Labels: Coraille – Noyes
Review by: Alex Deller
These guys piqued my interest since I’d recently purchased a vinyl copy of “Smack Bunny Baby’ and the icy, inventive guitar lines I heard on this lot’s MySpace page seemed to sync up with the sounds I’d been refamiliarising myself with. While definitely lacking the overall weirdness and Tim Taylor’s inimitable delivery I think I might be reasonably safe in saying these guys still share a fondness for the same rough time when Brainiac were strutting their own strange stuff, with a myriad little hints here and there suggesting a familiarity with the likes of Sebadoh, Sonic Youth and Built To Spill as well as that weird time when emo went indie and the Subjugation mailouts were top-heavy with bands who wanted to be Braid.

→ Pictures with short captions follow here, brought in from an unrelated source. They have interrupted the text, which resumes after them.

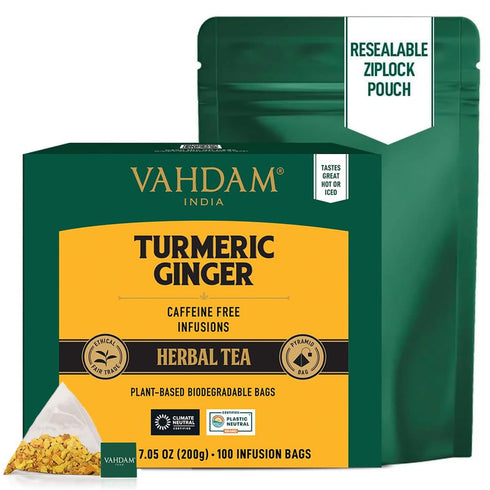 (100 100% VAHDAM Organic Turmeric Ginger Herbal Tea Bags Pyramid Tea Bags) Caffeine Free, Non GMO | Pure Herbal Blend
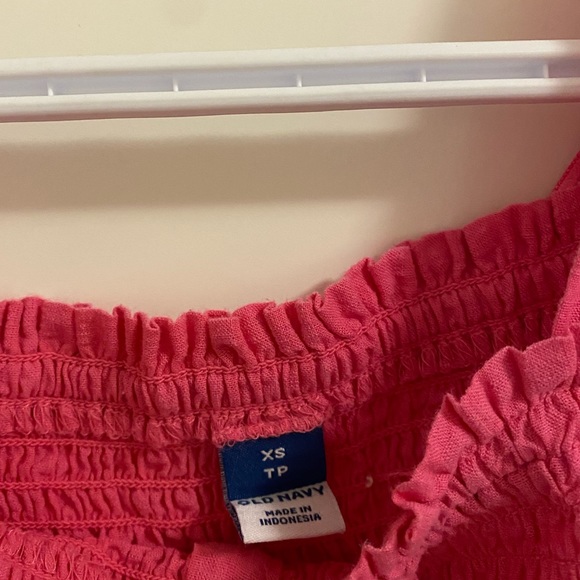 old navy ruffle pink and white flowy shirt blouse bundle - Picture 4 of 7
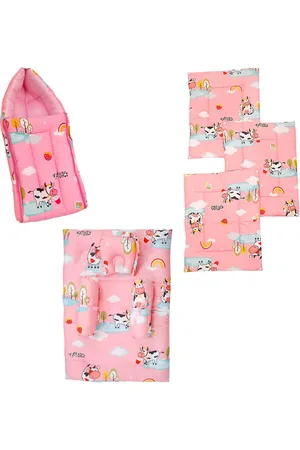 Baby Moo 7 Pcs Pink & White Printed Bedding Set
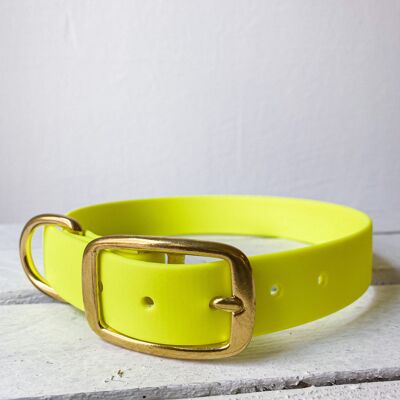 Biothane collar neon yellow - XL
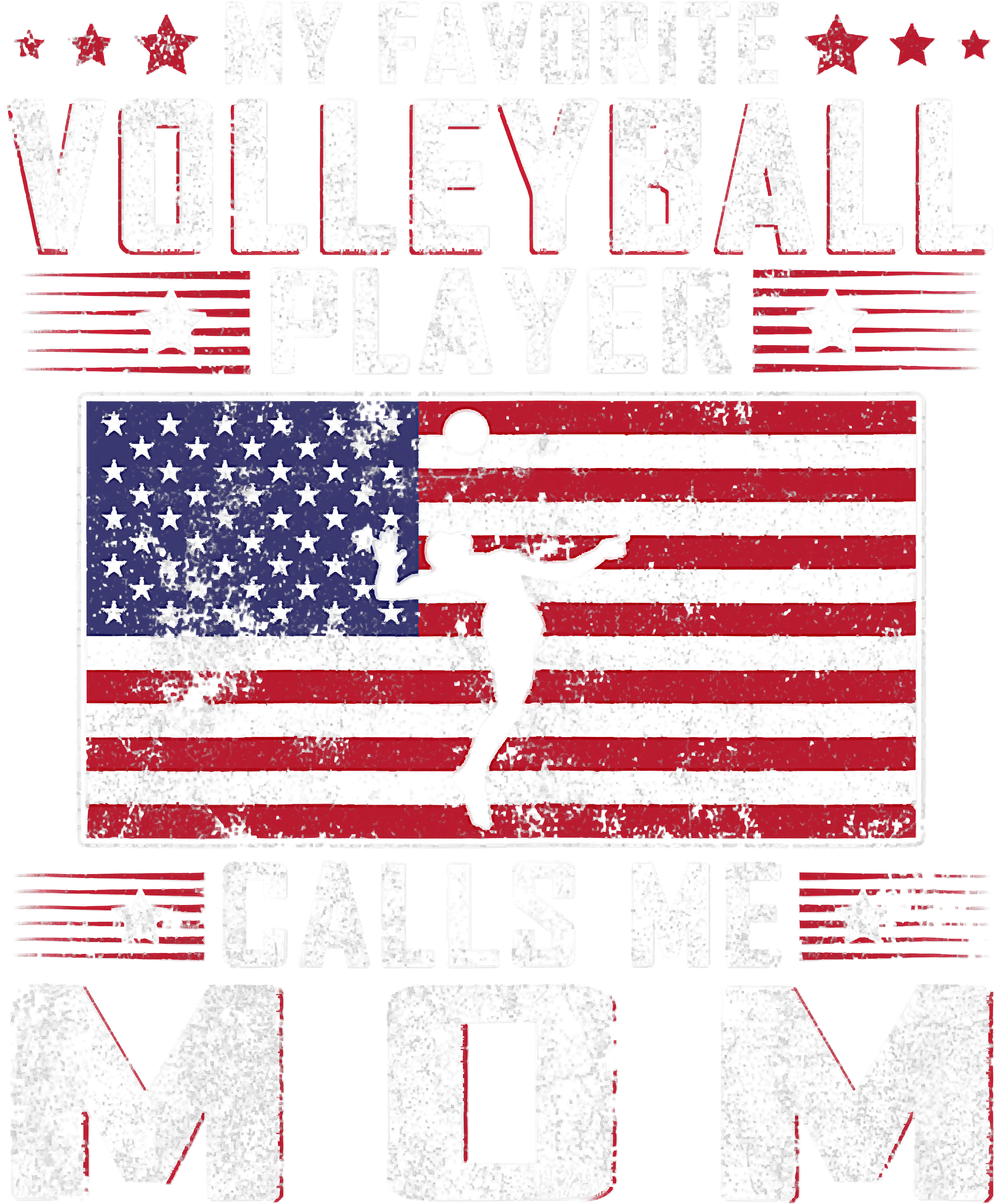 Patriotic Volleyball Player Mom DTF Transfer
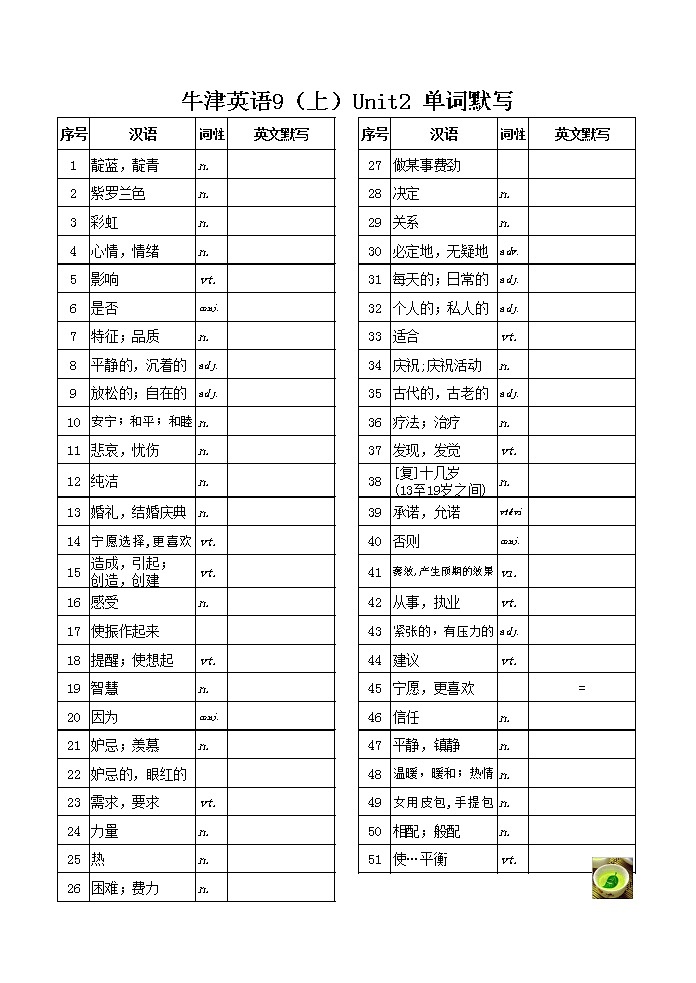 译林版英语九年级上册全册单词默写练习题02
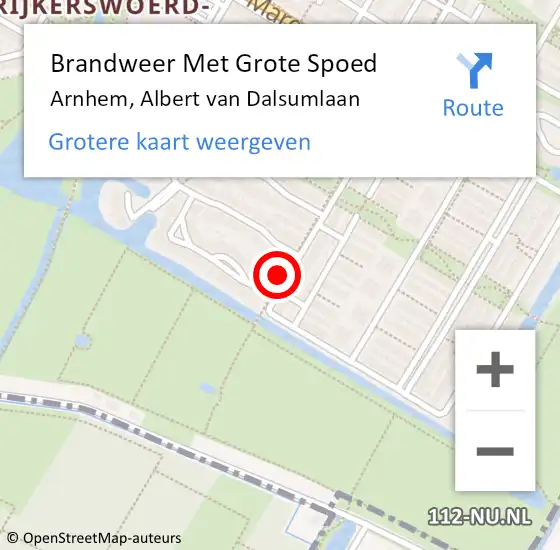 Locatie op kaart van de 112 melding: Brandweer Met Grote Spoed Naar Arnhem, Albert van Dalsumlaan op 5 juni 2023 23:54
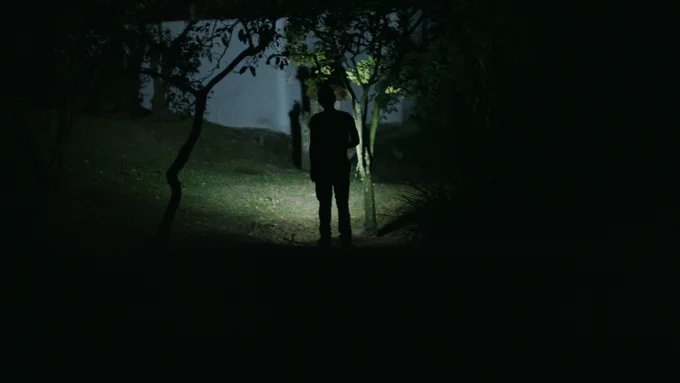 The Jungle Knows You Better Than You Do (2017), Juanita Onzaga.

The silhouette of a young man walking in the dark between the jungle and an old house, all he sees is the green in front lit by his flashlight.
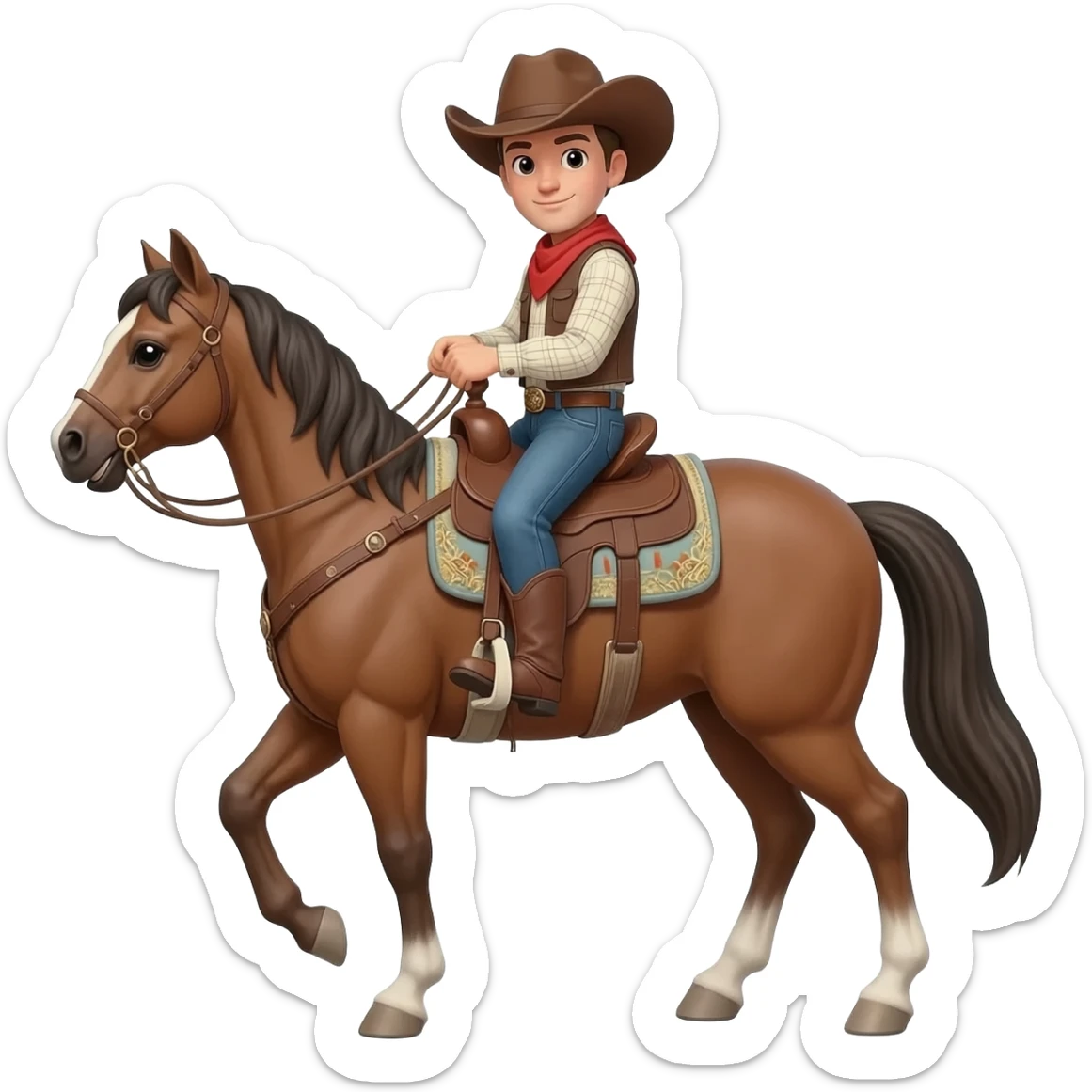 cowboy men with riding horse sticker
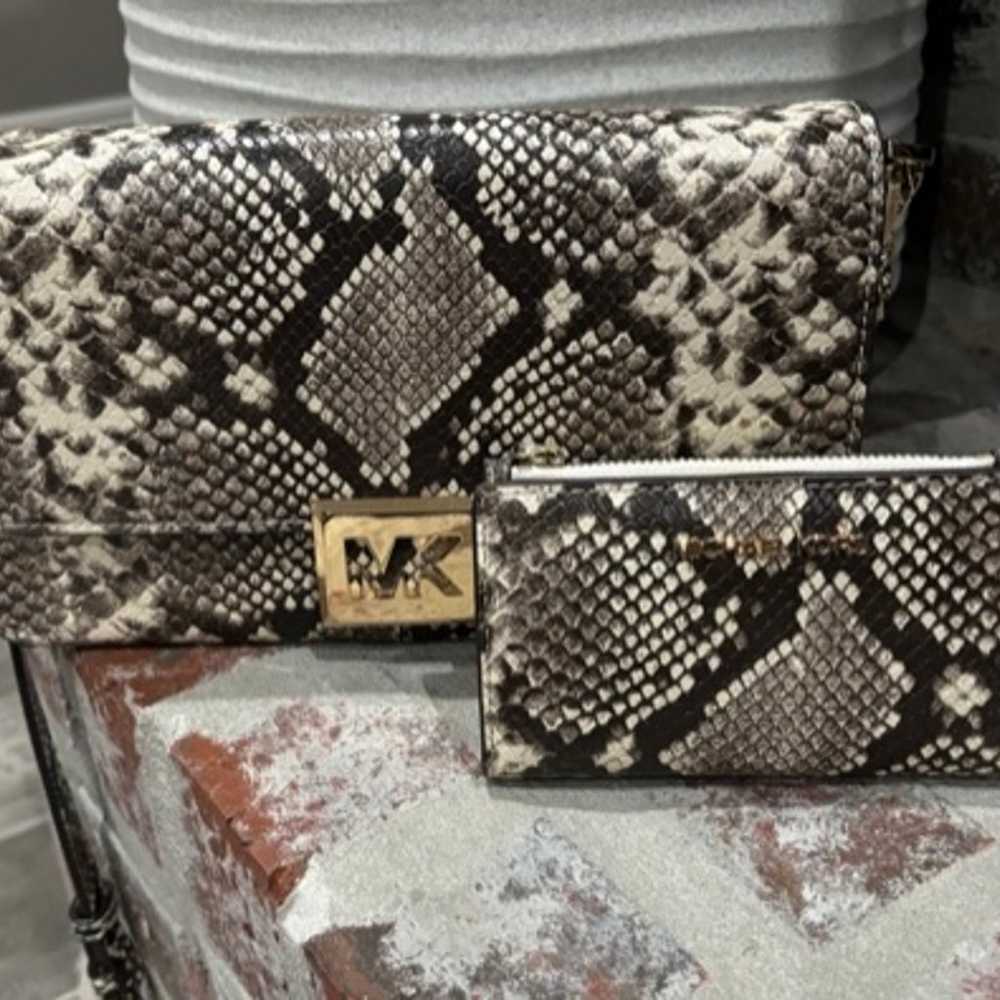 MK Python Snake Skin Leather Purse and Wallet Com… - image 2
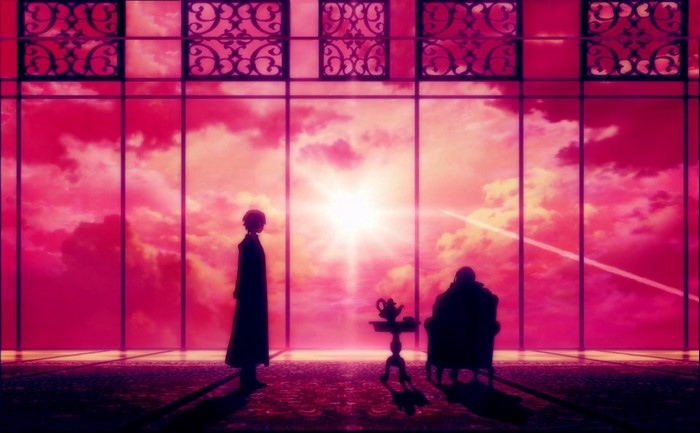 Dazai Osamu from Bungou Stray Dogs in a room with a sunset
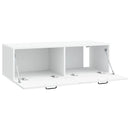 Væghængt TV-skab Hvid 98 x 41 x 30 cm Konstrueret træ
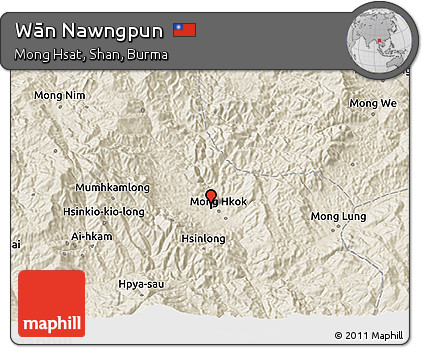 Shaded Relief 3D Map of Wān Nawngpun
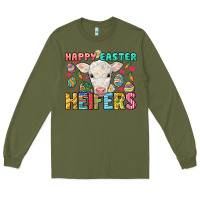 Army Green Happy Easter Heifers Easter Day Long Sleeve Tee - HowdyJamesFarm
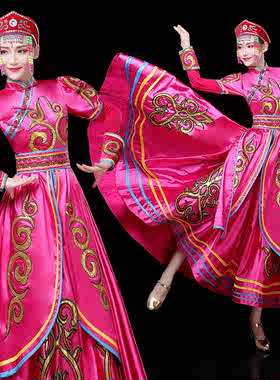 新款蒙古服装女生活装现代舞蹈服演出服饰成人民族风大摆长裙冬季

The overall sound is bright and sharp, comprising staccato jabs, jerky rhythms and springy, whammybar-assisted guitar lines which all seem to have been specifically designed to prod some life into the boy/girl singers, their faraway murmurs and falsettos falling somewhere between the Shins’ James Russell Mercer and whoever it was who sang for obscure indiemo act Camden. This funny mix of insistent, restless instrumentation and weary, mumbly fragility lends Play Guitar a disarming sense of charm, and while the songs perhaps lack the out-and-out pizzazz to truly dazzle at this stage, this LP still offers plenty for folks who admire the poppier side of Sonic Youth, liked Blonde Redhead better before they shuffled off to 4AD and are still known to complain that the Firebird Suite never did anything as good as that first 7″.